WHAT THE TASK ASKS: Transcribe every record that appears below, exactly and in full.

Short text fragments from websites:
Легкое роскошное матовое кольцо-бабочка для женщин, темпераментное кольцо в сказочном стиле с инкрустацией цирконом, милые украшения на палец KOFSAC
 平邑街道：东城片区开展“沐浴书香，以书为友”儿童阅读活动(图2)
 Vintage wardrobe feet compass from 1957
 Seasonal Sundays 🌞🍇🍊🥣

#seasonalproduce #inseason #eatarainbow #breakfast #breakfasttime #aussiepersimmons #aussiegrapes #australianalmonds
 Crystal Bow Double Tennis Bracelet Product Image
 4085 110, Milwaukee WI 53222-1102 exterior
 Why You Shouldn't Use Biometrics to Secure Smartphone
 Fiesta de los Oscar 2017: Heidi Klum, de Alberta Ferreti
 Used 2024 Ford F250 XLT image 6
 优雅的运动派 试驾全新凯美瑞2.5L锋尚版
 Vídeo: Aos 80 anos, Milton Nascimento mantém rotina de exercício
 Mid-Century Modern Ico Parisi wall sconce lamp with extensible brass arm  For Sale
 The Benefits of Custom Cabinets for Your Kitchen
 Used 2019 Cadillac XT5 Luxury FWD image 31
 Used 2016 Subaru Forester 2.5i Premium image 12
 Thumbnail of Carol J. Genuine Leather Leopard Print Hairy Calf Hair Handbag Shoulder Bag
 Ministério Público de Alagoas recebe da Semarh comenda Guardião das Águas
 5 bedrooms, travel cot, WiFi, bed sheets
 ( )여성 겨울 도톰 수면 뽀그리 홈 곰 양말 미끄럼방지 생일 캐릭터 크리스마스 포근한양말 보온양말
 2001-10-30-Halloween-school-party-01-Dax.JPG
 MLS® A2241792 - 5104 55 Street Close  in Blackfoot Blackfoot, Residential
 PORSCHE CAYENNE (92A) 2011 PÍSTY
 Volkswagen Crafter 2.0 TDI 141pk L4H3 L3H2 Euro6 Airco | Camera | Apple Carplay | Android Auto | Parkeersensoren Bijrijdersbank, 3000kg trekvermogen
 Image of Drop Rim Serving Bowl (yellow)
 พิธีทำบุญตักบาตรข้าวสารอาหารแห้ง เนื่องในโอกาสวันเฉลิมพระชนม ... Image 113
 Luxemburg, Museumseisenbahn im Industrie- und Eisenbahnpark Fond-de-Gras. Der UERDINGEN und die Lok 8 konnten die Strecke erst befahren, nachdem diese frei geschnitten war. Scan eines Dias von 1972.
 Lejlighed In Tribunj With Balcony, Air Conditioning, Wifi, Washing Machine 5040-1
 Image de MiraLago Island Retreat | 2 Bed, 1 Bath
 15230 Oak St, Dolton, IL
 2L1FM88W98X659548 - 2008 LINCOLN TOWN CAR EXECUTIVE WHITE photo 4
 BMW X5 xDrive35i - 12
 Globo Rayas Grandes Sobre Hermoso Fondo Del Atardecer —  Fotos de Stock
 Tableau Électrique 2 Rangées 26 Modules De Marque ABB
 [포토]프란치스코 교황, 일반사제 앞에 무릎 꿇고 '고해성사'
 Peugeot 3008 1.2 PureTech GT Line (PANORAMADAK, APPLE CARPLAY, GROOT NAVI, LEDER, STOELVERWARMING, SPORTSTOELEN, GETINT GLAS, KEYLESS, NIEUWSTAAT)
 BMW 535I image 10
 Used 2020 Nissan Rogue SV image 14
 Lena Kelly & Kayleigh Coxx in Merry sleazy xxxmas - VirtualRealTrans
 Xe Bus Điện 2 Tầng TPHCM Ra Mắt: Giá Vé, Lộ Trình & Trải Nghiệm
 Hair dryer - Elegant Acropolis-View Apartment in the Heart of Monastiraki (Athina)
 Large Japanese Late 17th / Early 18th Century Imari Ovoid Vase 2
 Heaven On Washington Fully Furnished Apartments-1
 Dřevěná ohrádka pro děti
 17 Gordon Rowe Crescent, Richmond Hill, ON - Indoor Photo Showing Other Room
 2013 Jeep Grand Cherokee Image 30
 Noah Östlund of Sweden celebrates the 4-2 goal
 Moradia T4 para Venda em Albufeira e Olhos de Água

SOLUTION BELOW:
Легкое роскошное матовое кольцо-бабочка для женщин, темпераментное кольцо в сказочном стиле с инкрустацией цирконом, милые украшения на палец KOFSAC
 平邑街道：东城片区开展“沐浴书香，以书为友”儿童阅读活动(图2)
 Vintage wardrobe feet compass from 1957
 Seasonal Sundays 🌞🍇🍊🥣

#seasonalproduce #inseason #eatarainbow #breakfast #breakfasttime #aussiepersimmons #aussiegrapes #australianalmonds
 Crystal Bow Double Tennis Bracelet Product Image
 4085 110, Milwaukee WI 53222-1102 exterior
 Why You Shouldn't Use Biometrics to Secure Smartphone
 Fiesta de los Oscar 2017: Heidi Klum, de Alberta Ferreti
 Used 2024 Ford F250 XLT image 6
 优雅的运动派 试驾全新凯美瑞2.5L锋尚版
 Vídeo: Aos 80 anos, Milton Nascimento mantém rotina de exercício
 Mid-Century Modern Ico Parisi wall sconce lamp with extensible brass arm  For Sale
 The Benefits of Custom Cabinets for Your Kitchen
 Used 2019 Cadillac XT5 Luxury FWD image 31
 Used 2016 Subaru Forester 2.5i Premium image 12
 Thumbnail of Carol J. Genuine Leather Leopard Print Hairy Calf Hair Handbag Shoulder Bag
 Ministério Público de Alagoas recebe da Semarh comenda Guardião das Águas
 5 bedrooms, travel cot, WiFi, bed sheets
 ( )여성 겨울 도톰 수면 뽀그리 홈 곰 양말 미끄럼방지 생일 캐릭터 크리스마스 포근한양말 보온양말
 2001-10-30-Halloween-school-party-01-Dax.JPG
 MLS® A2241792 - 5104 55 Street Close  in Blackfoot Blackfoot, Residential
 PORSCHE CAYENNE (92A) 2011 PÍSTY
 Volkswagen Crafter 2.0 TDI 141pk L4H3 L3H2 Euro6 Airco | Camera | Apple Carplay | Android Auto | Parkeersensoren Bijrijdersbank, 3000kg trekvermogen
 Image of Drop Rim Serving Bowl (yellow)
 พิธีทำบุญตักบาตรข้าวสารอาหารแห้ง เนื่องในโอกาสวันเฉลิมพระชนม ... Image 113
 Luxemburg, Museumseisenbahn im Industrie- und Eisenbahnpark Fond-de-Gras. Der UERDINGEN und die Lok 8 konnten die Strecke erst befahren, nachdem diese frei geschnitten war. Scan eines Dias von 1972.
 Lejlighed In Tribunj With Balcony, Air Conditioning, Wifi, Washing Machine 5040-1
 Image de MiraLago Island Retreat | 2 Bed, 1 Bath
 15230 Oak St, Dolton, IL
 2L1FM88W98X659548 - 2008 LINCOLN TOWN CAR EXECUTIVE WHITE photo 4
 BMW X5 xDrive35i - 12
 Globo Rayas Grandes Sobre Hermoso Fondo Del Atardecer —  Fotos de Stock
 Tableau Électrique 2 Rangées 26 Modules De Marque ABB
 [포토]프란치스코 교황, 일반사제 앞에 무릎 꿇고 '고해성사'
 Peugeot 3008 1.2 PureTech GT Line (PANORAMADAK, APPLE CARPLAY, GROOT NAVI, LEDER, STOELVERWARMING, SPORTSTOELEN, GETINT GLAS, KEYLESS, NIEUWSTAAT)
 BMW 535I image 10
 Used 2020 Nissan Rogue SV image 14
 Lena Kelly & Kayleigh Coxx in Merry sleazy xxxmas - VirtualRealTrans
 Xe Bus Điện 2 Tầng TPHCM Ra Mắt: Giá Vé, Lộ Trình & Trải Nghiệm
 Hair dryer - Elegant Acropolis-View Apartment in the Heart of Monastiraki (Athina)
 Large Japanese Late 17th / Early 18th Century Imari Ovoid Vase 2
 Heaven On Washington Fully Furnished Apartments-1
 Dřevěná ohrádka pro děti
 17 Gordon Rowe Crescent, Richmond Hill, ON - Indoor Photo Showing Other Room
 2013 Jeep Grand Cherokee Image 30
 Noah Östlund of Sweden celebrates the 4-2 goal
 Moradia T4 para Venda em Albufeira e Olhos de Água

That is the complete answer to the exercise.